Output each line of the listing exactly, though pictures are not to appear.

========

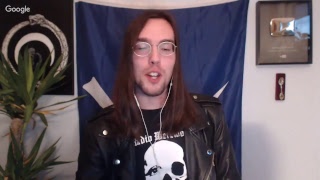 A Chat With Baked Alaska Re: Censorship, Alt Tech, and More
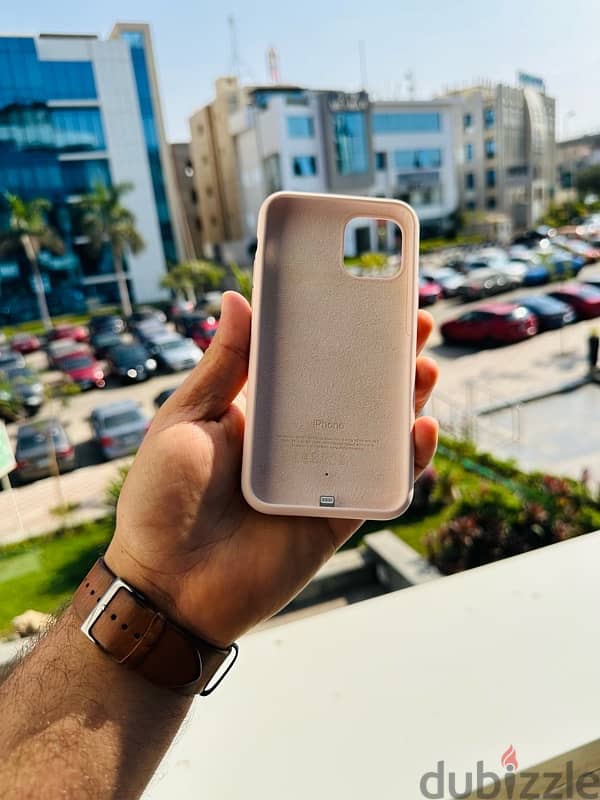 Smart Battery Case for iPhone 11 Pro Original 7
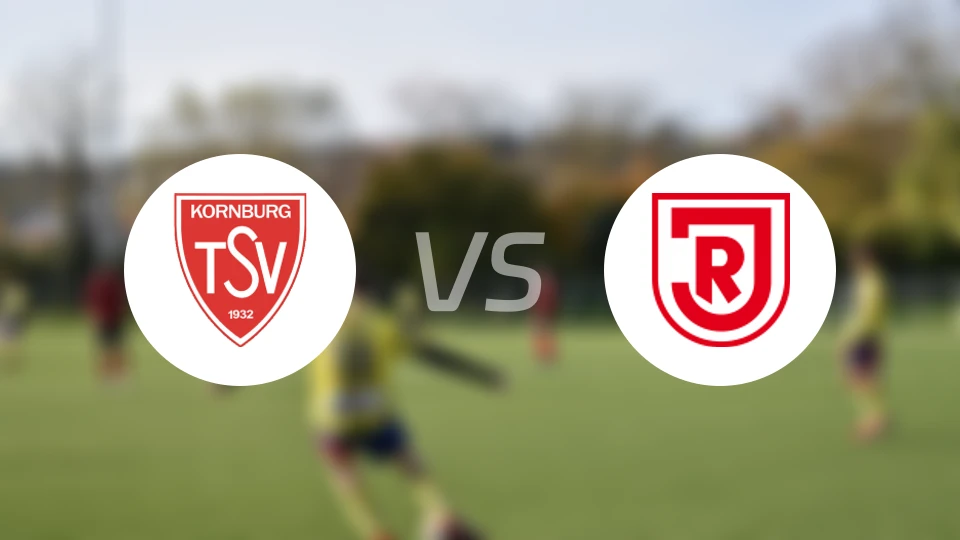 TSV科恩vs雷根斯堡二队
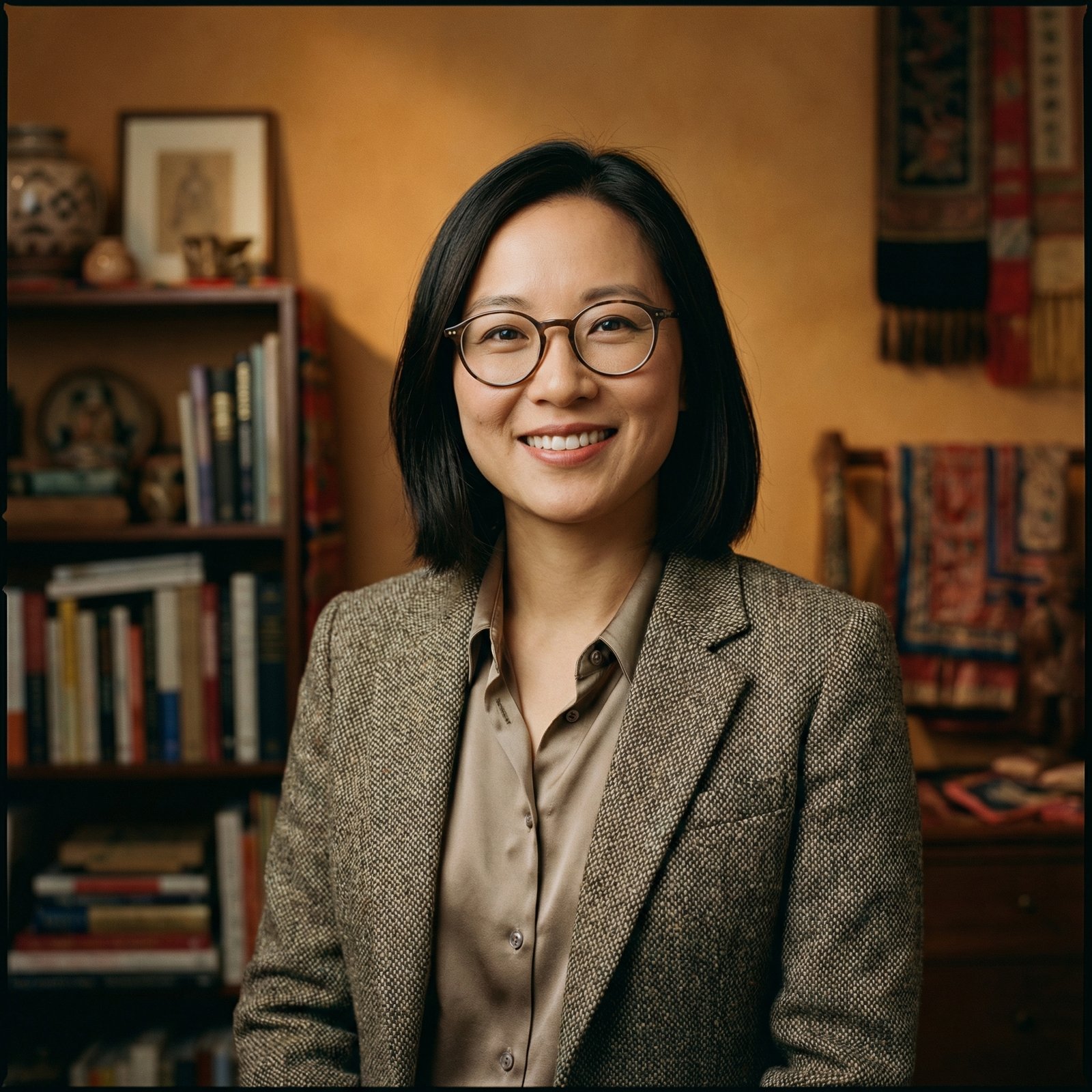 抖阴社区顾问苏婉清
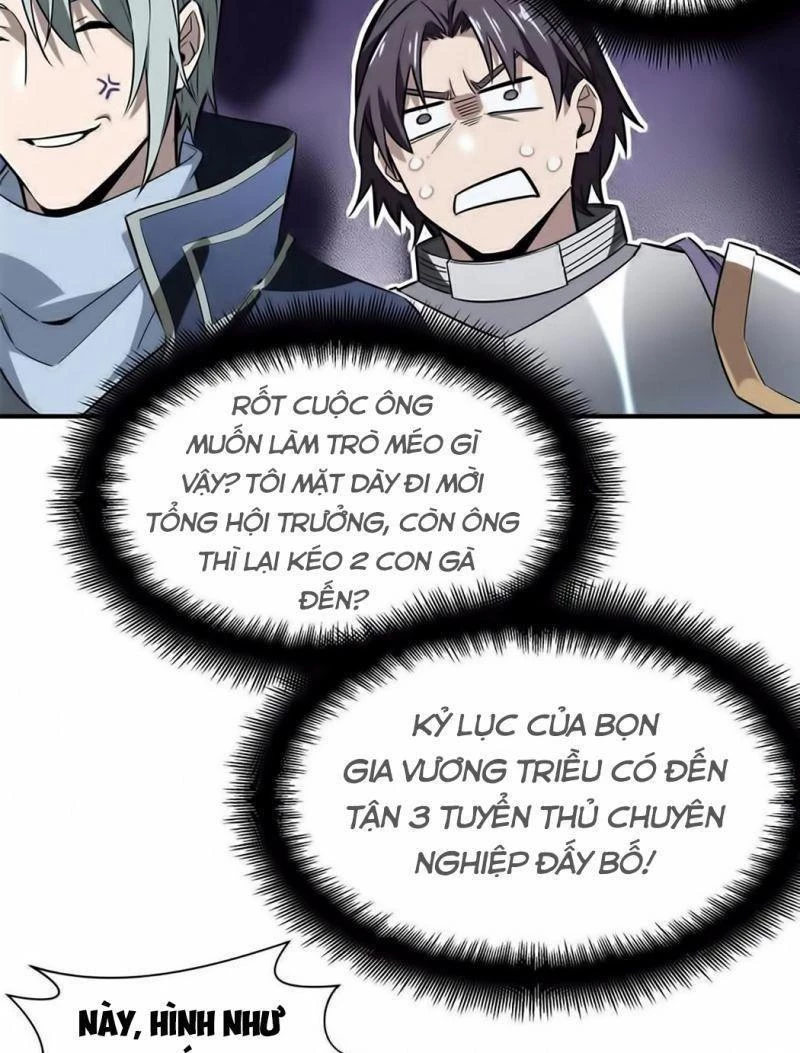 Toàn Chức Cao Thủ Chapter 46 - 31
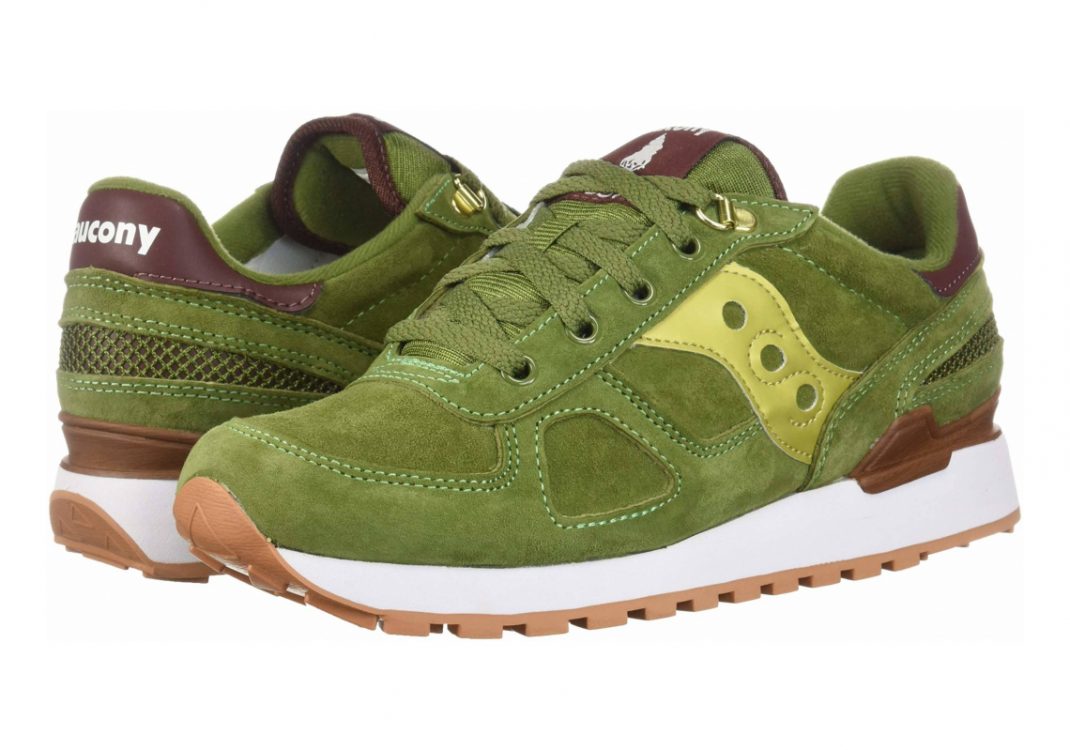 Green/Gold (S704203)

========

### Result below
 A Chat With Baked Alaska Re: Censorship, Alt Tech, and More
 Smart Battery Case for iPhone 11 Pro Original 7
 TSV科恩vs雷根斯堡二队
 抖阴社区顾问苏婉清
 Toàn Chức Cao Thủ Chapter 46 - 31
 Green/Gold (S704203)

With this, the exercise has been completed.